Legacy writers may not write nan_count(s) fields, so readers have to handle them being absent. Also, legacy writers may have included NaNs into min/max bounds, so readers also have to handle that.

As there are no legacy writers writing IEEE total order, nan_count(s) are defined to be mandatory if this order is used, so readers can assume their presense when this order is used.

This commit removes nan_pages from the ColumnIndex, which the nan_counts PR mandated. We don't need them anymore, as IEEE total order solves this: As this is a new order and there are thus no legacy writers and readers, we have the freedom to define that for only-NaN pages using this order, we can actually write NaNs into min & max bounds in this case, and readers can assume that isNaN(min) signals an only-NaN page.

Note: If this PR is chosen to be adopted, I will update the commit message to state the problem without just pointing onto the other PRs. But until then, I rather link to them instead of repeating myself, in case this PR isn't chosen anyway.

Rationale for this change

What changes are included in this PR?

Do these changes have PoC implementations?

JFinis avatar Aug 09 '25 12:08 JFinis

@tustvold @crepererum @westonpace I would especially like to get your opions on this, as you were proponents of total order for simplicity. Does this PR still cover what you wanted to get out of this?

@mapleFU @etseidl @gszadovszky @pitrou FYI, as you were part of the initial discussion on the previous PRs.

JFinis avatar Aug 13 '25 09:08 JFinis

@tustvold

Am I understanding correctly that the change to add nan_counts means that NaNs are now excluded from the min/max statistics? I believe this creates a new problem for engines that use total ordering as the sign of the NaNs is not known, and therefore there are scenarios where predicates can't be pushed down where they could be in the absence of nan_counts.

No, the predicates still can be pushed down, regardless of the semantics of your engine.

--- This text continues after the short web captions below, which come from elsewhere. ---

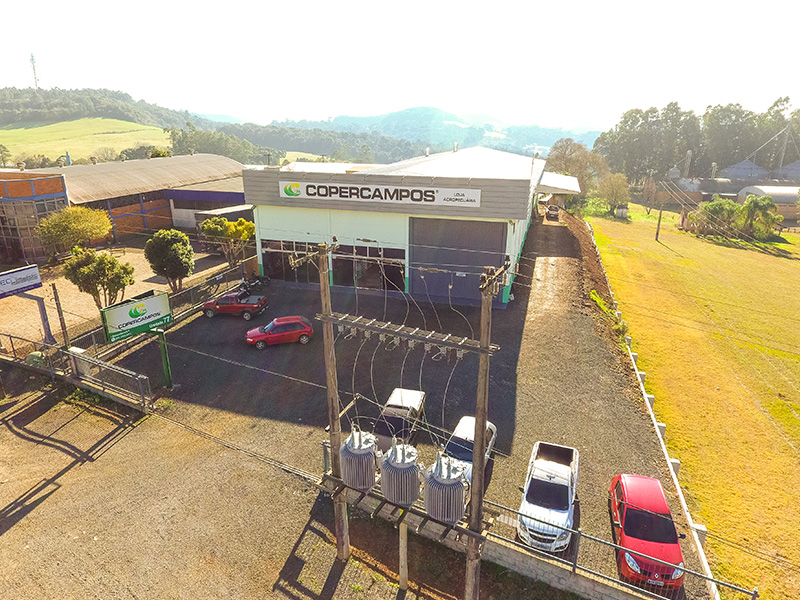 Lojas Copercampos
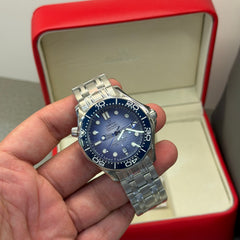 OMG MASTER PLUS WATCH AUTOMATIC WITH BOX
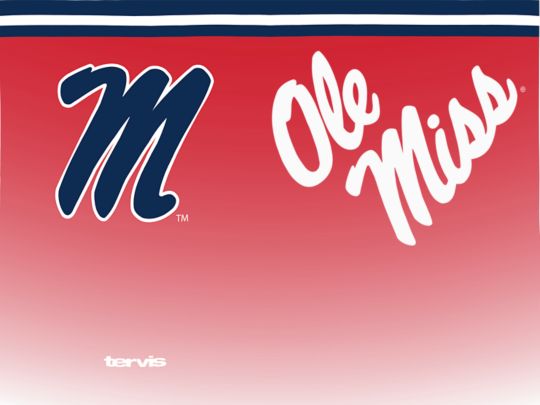 Ole Miss Rebels - Forever Fan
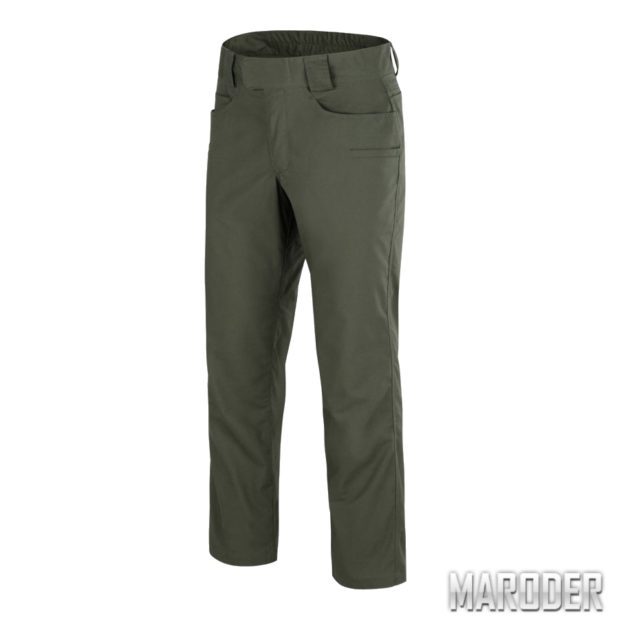 Тактические брюки Greyman Tactical Taiga Green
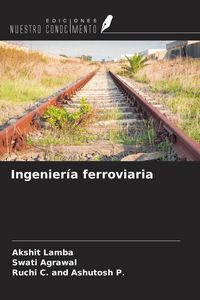 Produktbild: Ingenier&iacute;a ferroviaria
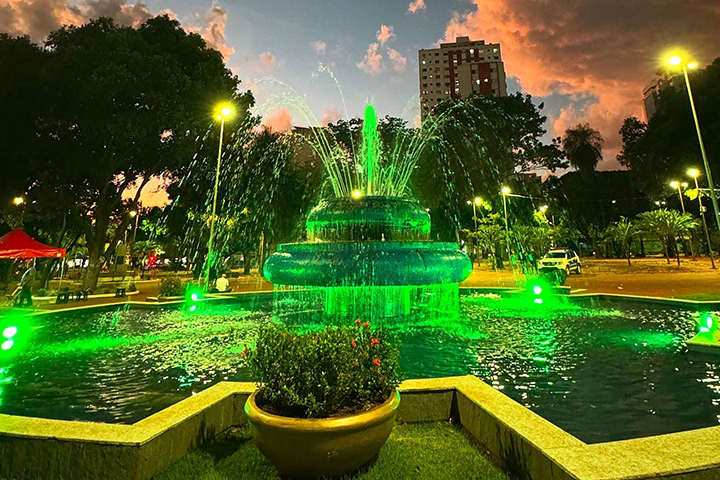 Festival Cultura Vai à Praça anima centro de Campo Grande nesta sexta-feira (6)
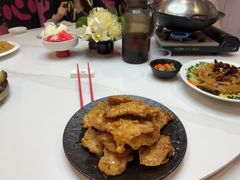 -红东阁东北菜烤肉酒馆(CROSS万象汇店)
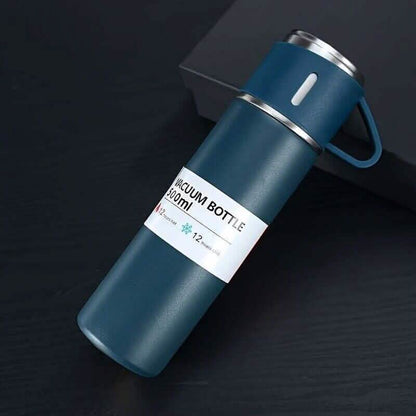 Insulated Stainless Steel Water Bottle - A-1 Thread Vault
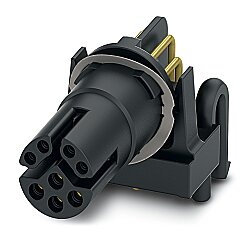 SACC-CI-M12FSY-8CON-L90 - Kontak taşıyıcı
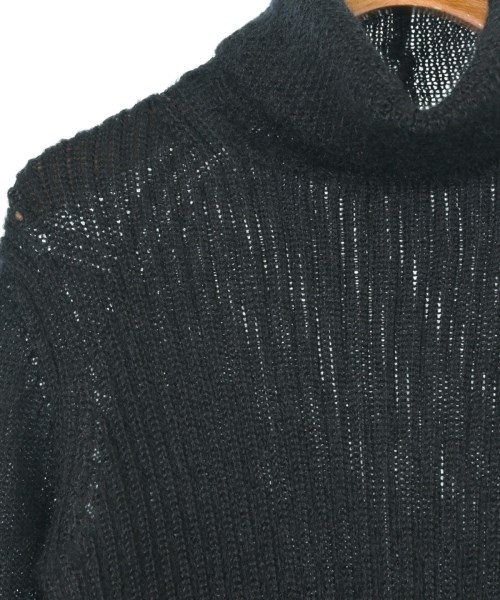 tricot COMME des GARCONS（トリココムデギャルソン）ニット・セーター 黒 サイズ:-(XS位) レディース/2200617444145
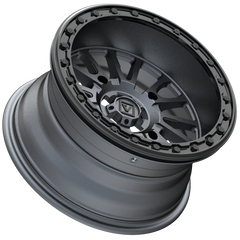 Valor Offroad Alpha on 15x8 V16 GM UTV Wheel and Tire Kit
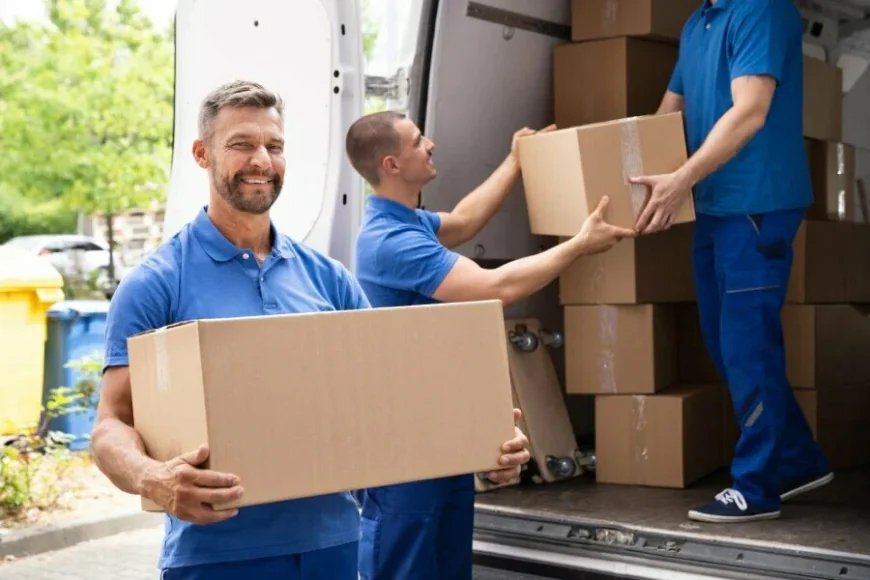 Streamlining Business Relocation with Professional Office Moving Services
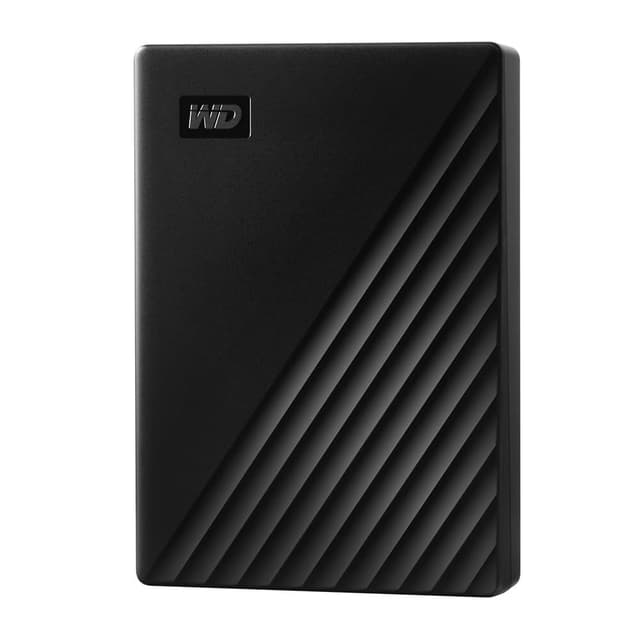 WD My Passport externe Festplatte 5 TB - Zuverlässiger mobiler Speicher 🚀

If your engine uses total ordering with predicate col > c you skip a page when the statistics indicate col_max <= c && nan_count == 0. If your engine uses partial ordering you simply check if col_max <= c.

My 2 cents is that there probably is no perfect solution here, adding nan_counts is worse for some engines and better for some others

It's not worse for any engine as far as I can see, a strict improvement for everyone in filtering capabilities.

I don't really follow why NaNs are special in this regard, any extreme value has the same effect

NaNs aren't extreme values for engines without total ordering, they are simply unordered.

orlp avatar Aug 13 '25 10:08 orlp

I seem to remember from a previous discussion around the need to have signed NaNs to allow for predicate pushdown, but I can't remember the example.

Regardless my broader point still stands that we are adding a non-trivial amount of complexity, there is a lot of subtlety both at read and write time, to yield an improvement that to be brutally honest I am not really sure will benefit all that many real workloads. It's all tradeoffs, if people want to and are motivated to proceed with the hybrid approach I don't feel strongly, but I personally prefer the simpler option that is more likely to be implemented correctly across the many many parquet implementations. The proposal here is strictly more complex than the existing specification which implementations still implement incorrectly.

tustvold avatar Aug 13 '25 10:08 tustvold

I seem to remember from a previous discussion around the need to have signed NaNs to allow for predicate pushdown, but I can't remember the example.

Signed NaN counts are only useful to avoid treating a -NaN as a false positive for the col > c case for total ordering engines. To give a concrete example, if the page contains [-NaN, -3, 42] and the predicate is col > 100 then this page could be skipped by such an engine with statistics total_min = -NaN, total_max = 42 but not with min = -3, max = 42, nan_count = 1, because that singular nan could be positive NaN which would match +NaN > 100. Thus if signed nan counts are unavailable any NaN regardless of sign will have to be treated as an extremal value by those engines.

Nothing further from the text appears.